Task description: Please output only the lines running from the one that contains "N57W24128 N Sycamore" through the last line of the data below, exactly as they stand, with no pictures.

Recorded data:
== == ==

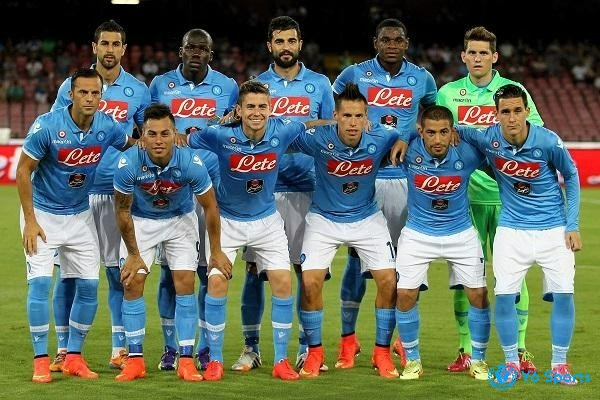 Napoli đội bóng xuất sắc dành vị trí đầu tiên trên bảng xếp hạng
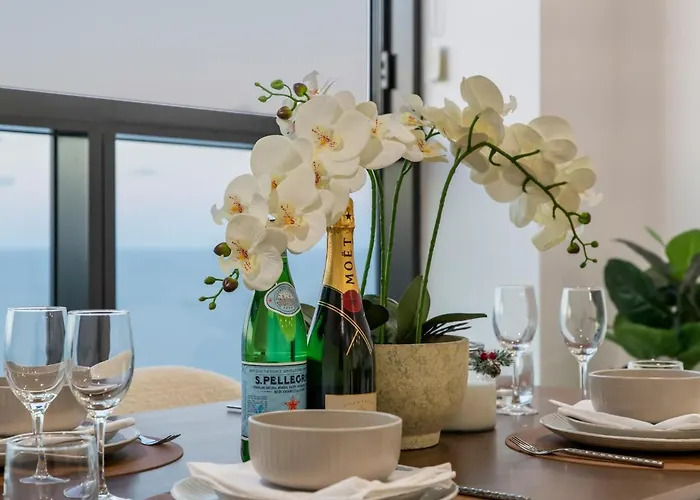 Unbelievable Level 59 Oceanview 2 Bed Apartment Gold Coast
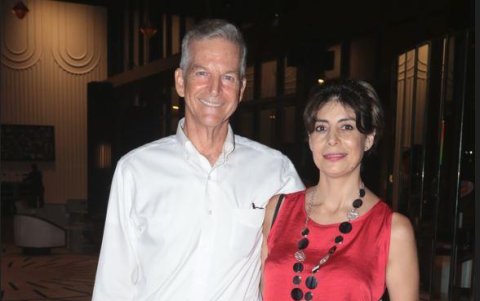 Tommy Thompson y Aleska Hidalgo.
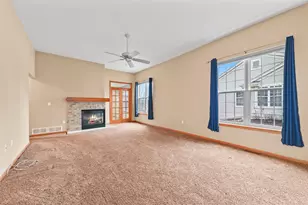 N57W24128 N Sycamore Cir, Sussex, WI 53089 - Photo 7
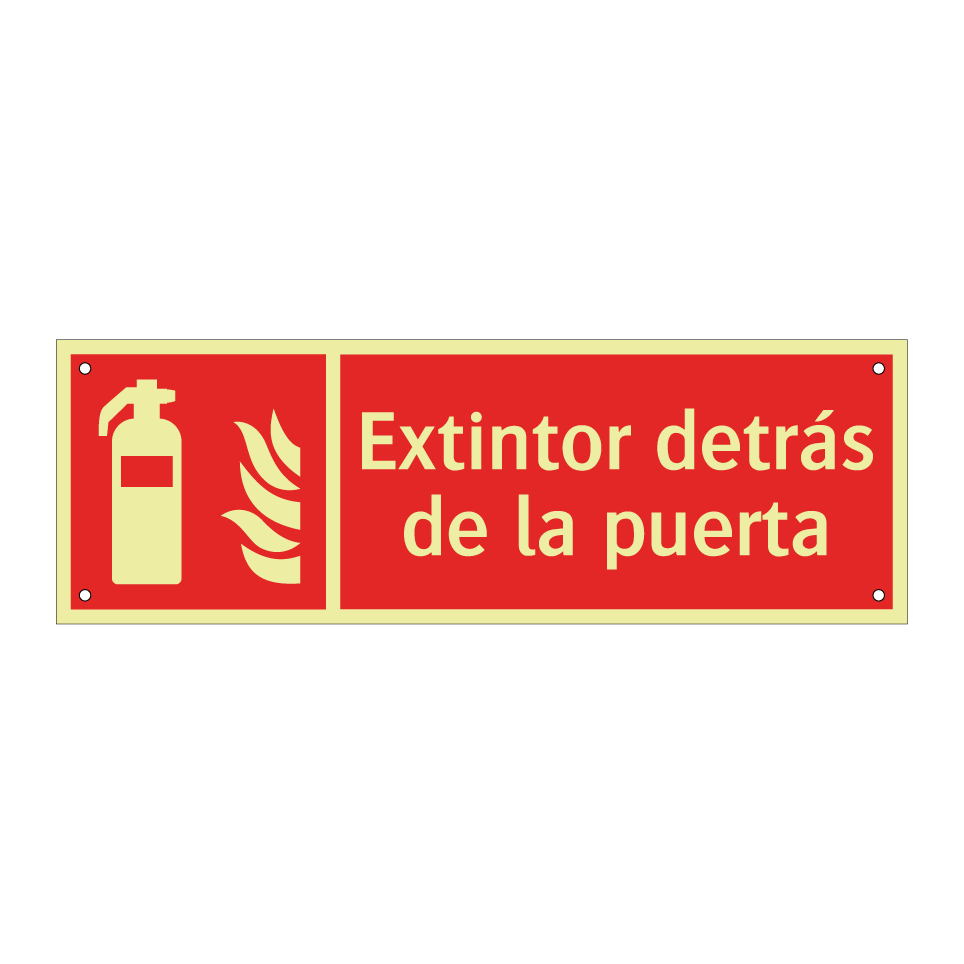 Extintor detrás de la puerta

== == ==

Output of the exercise:
 N57W24128 N Sycamore Cir, Sussex, WI 53089 - Photo 7
 Extintor detrás de la puerta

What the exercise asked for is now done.